* [GOAL OF THE EXERCISE]: Copy only the lines from the one with "Thiên Ma Tiêu" through the end of the records, exactly as they stand. No pictures belong in the copy.

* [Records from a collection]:
□ □ □

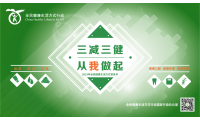六大冠军送祝福，“三减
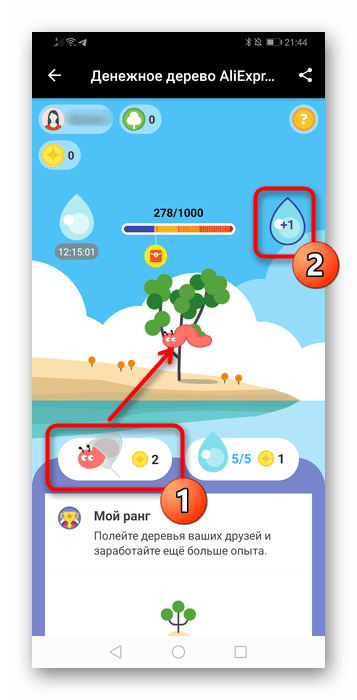 Выращивание растения в игре Денежное дерево через мобильное приложение AliExpress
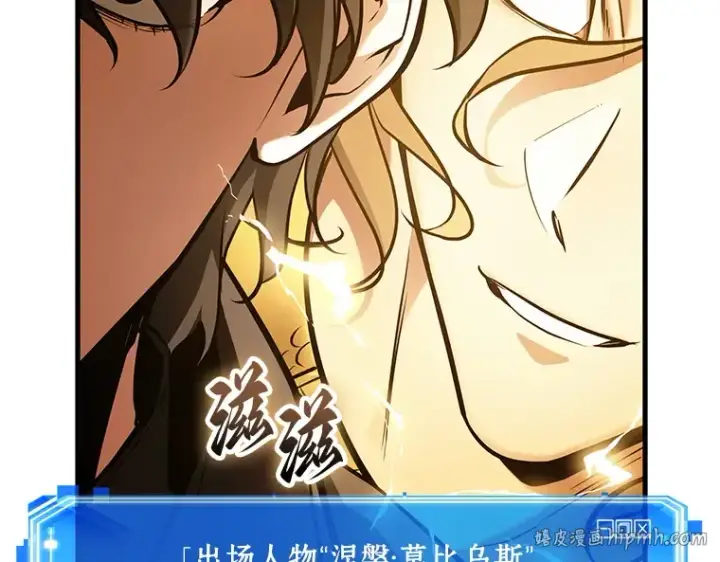 《全知读者视角》151 任务破坏者（8）图40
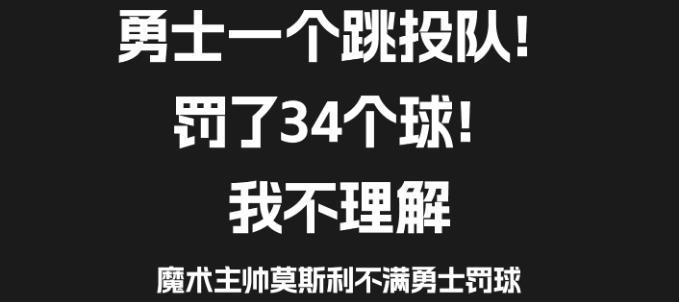 魔术主帅莫斯利：勇士一个跳投队罚了34个球，我不理解！现在的勇士和库里在联盟已经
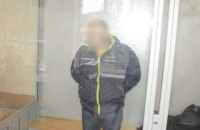 Задержан организатор мошеннической схемы "ваш родственник в полиции"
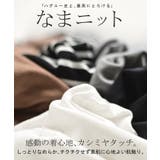 ニット カシミヤタッチ 選べる | HUG.U | 詳細画像2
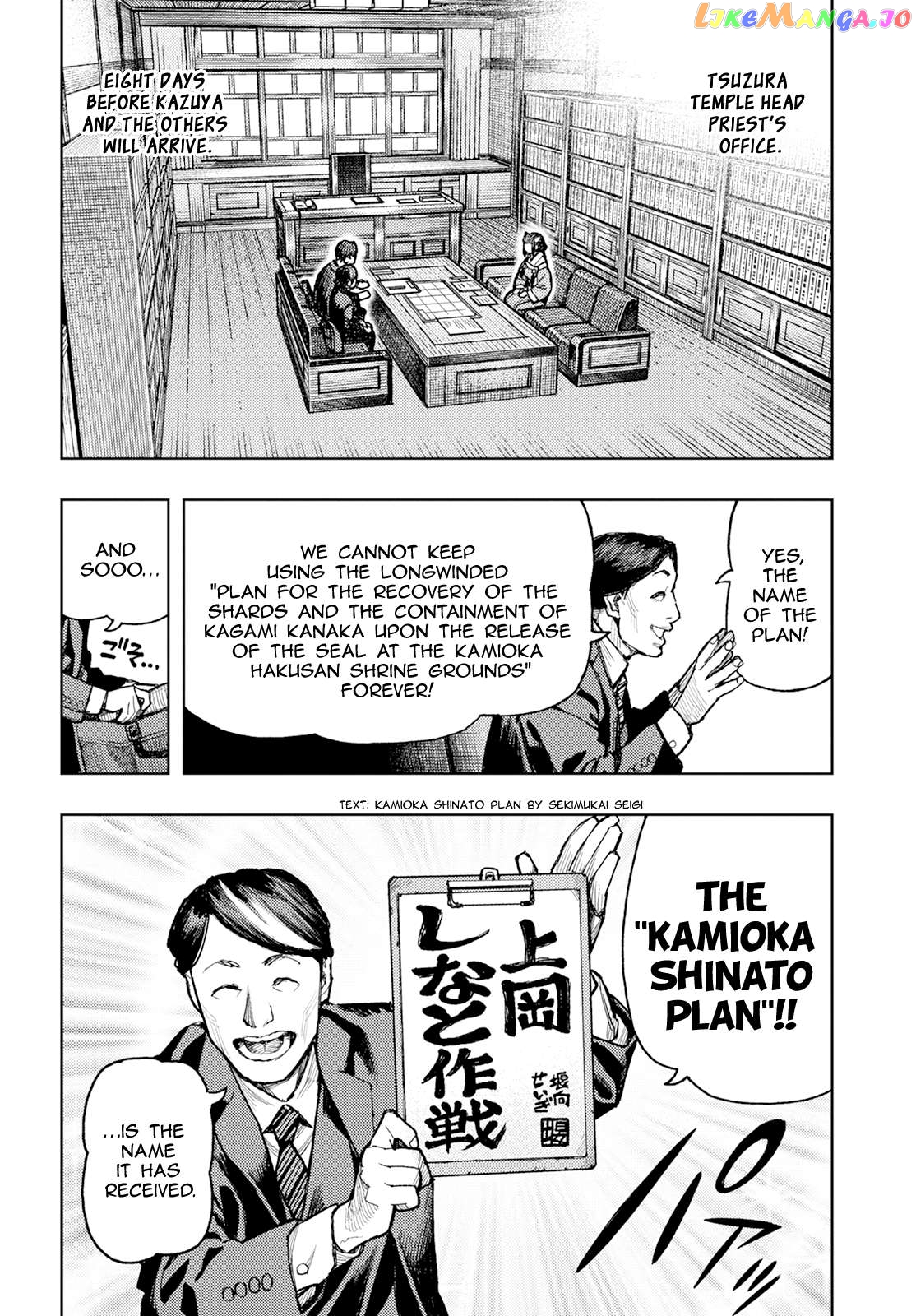 Tsugumomo - Manga Chapter 162 - page 4
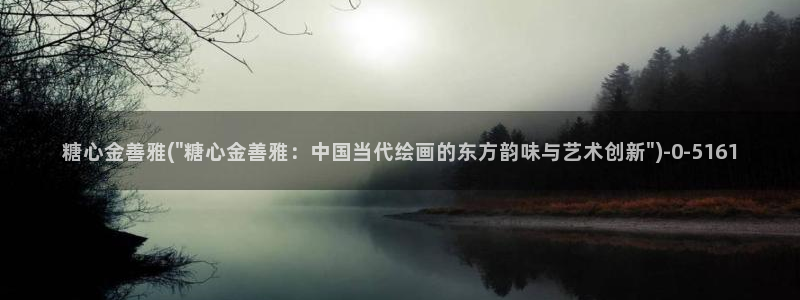 心糖vlog免费在线观看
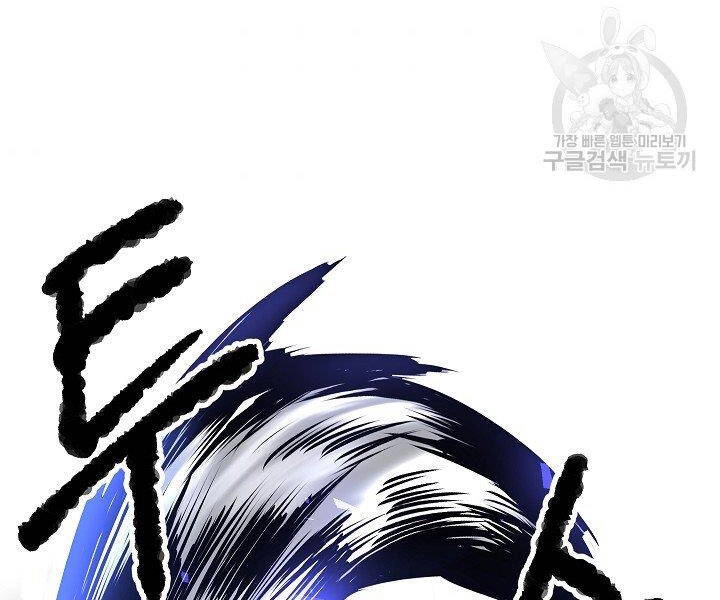 Thiên Ma Tiêu Diệt Lich King Của Murim Chapter 61 - 72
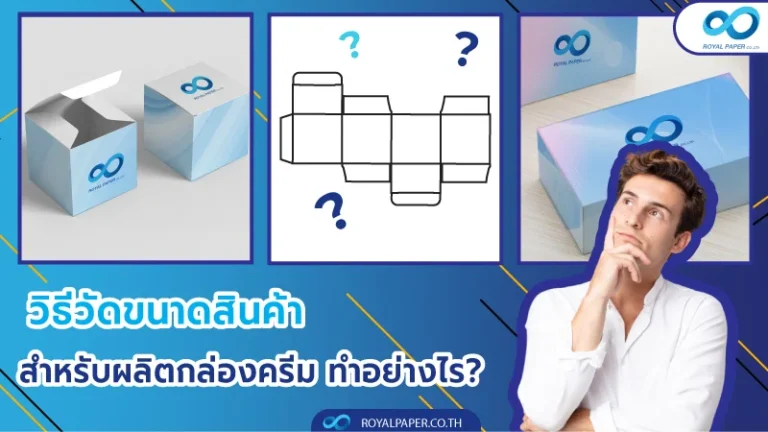 วิธีวัดขนาดสินค้า สำหรับผลิตกล่องครีม ทำอย่างไร?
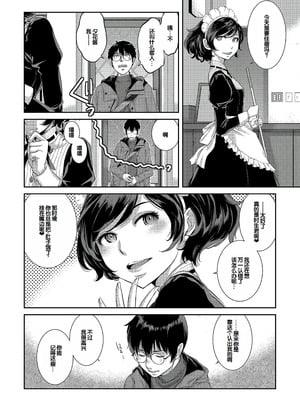 [はらざきたくま] コスプレメイドがいかがわしい [甜族星人赞助汉化] [DL版]_109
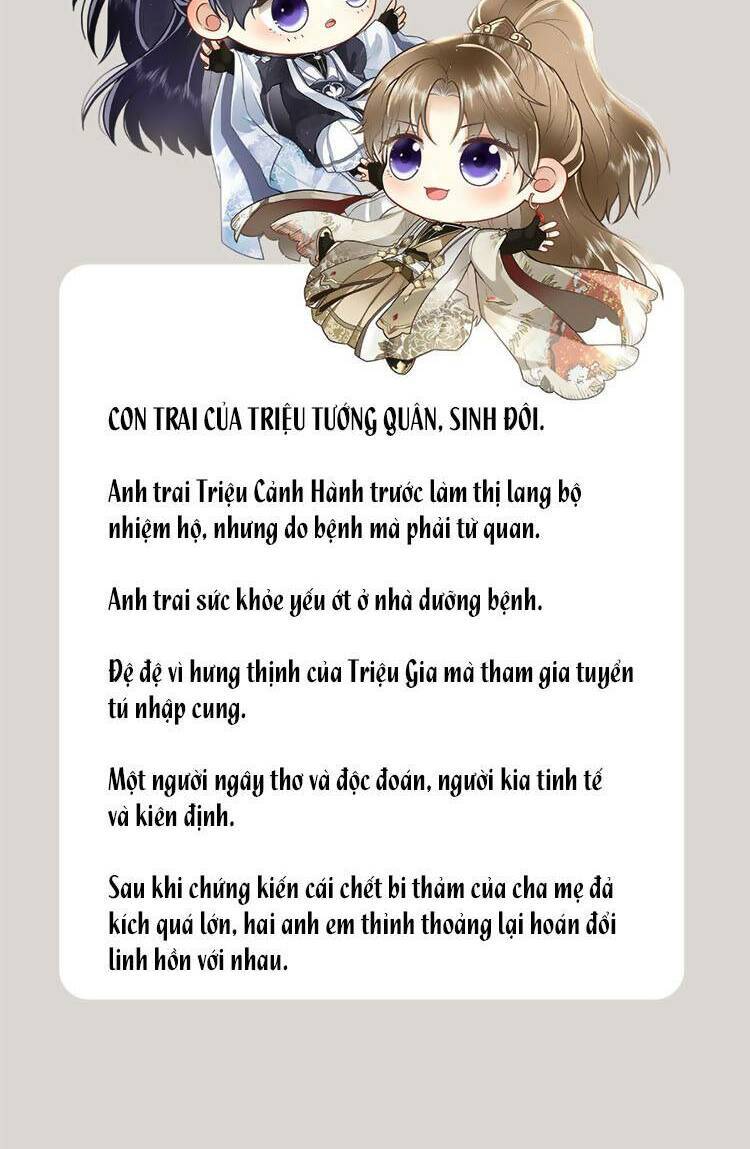 nữ đế và dàn hậu cung siêu phẩm chapter 0 12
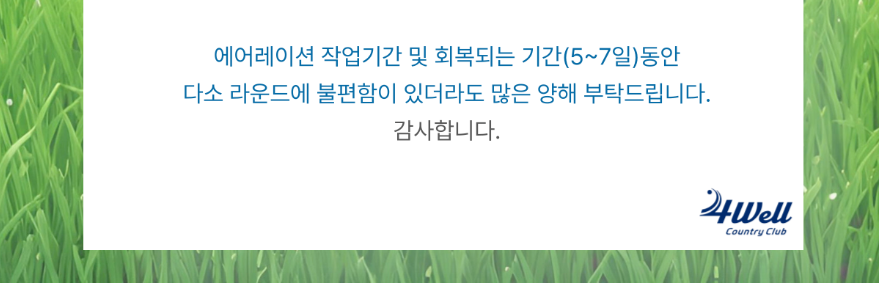 포웰1-1.png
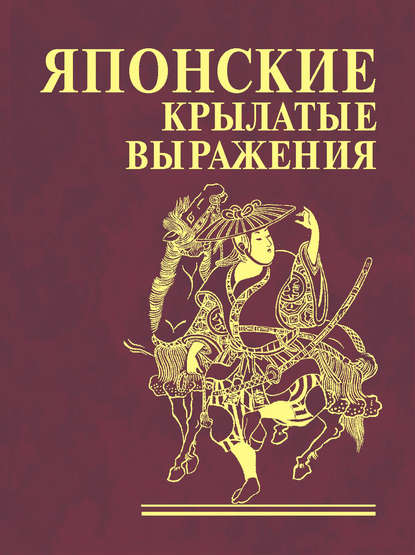 Скачать книгу Японские крылатые выражения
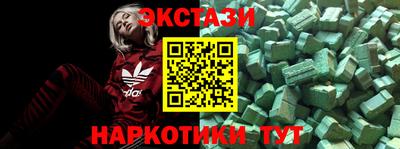 мет Нальчик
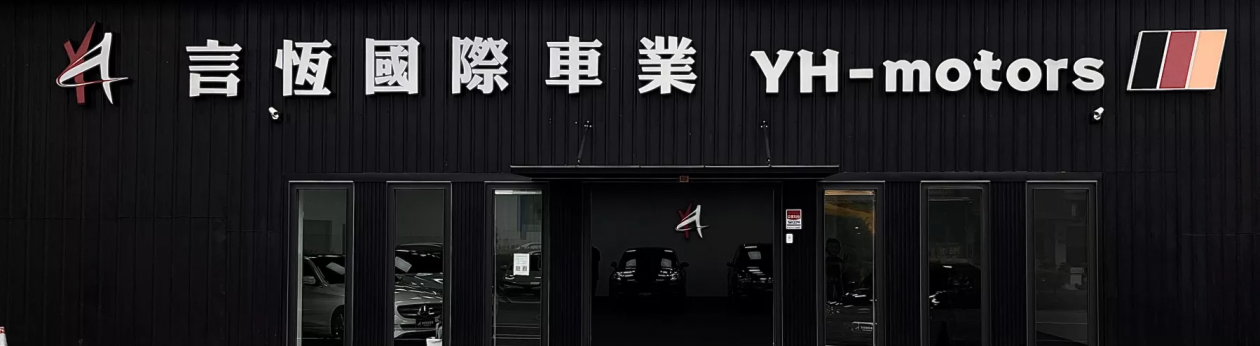 言恆國際車業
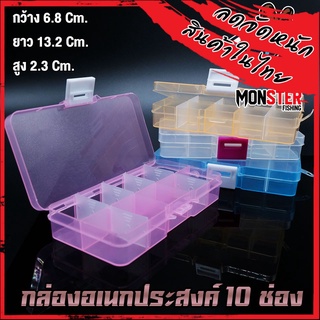 กล่องอเนกประสงค์ รุ่น 10 ช่อง (กล่องใส่อุปกรณ์ตกปลาแบบพกพา)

□ □ □

* [RESULT FOR THIS EXERCISE]:
 Thiên Ma Tiêu Diệt Lich King Của Murim Chapter 61 - 72
 วิธีวัดขนาดสินค้า สำหรับผลิตกล่องครีม ทำอย่างไร?
 [はらざきたくま] コスプレメイドがいかがわしい [甜族星人赞助汉化] [DL版]_109
 nữ đế và dàn hậu cung siêu phẩm chapter 0 12
 포웰1-1.png
 Скачать книгу Японские крылатые выражения
 мет Нальчик
 言恆國際車業
 กล่องอเนกประสงค์ รุ่น 10 ช่อง (กล่องใส่อุปกรณ์ตกปลาแบบพกพา)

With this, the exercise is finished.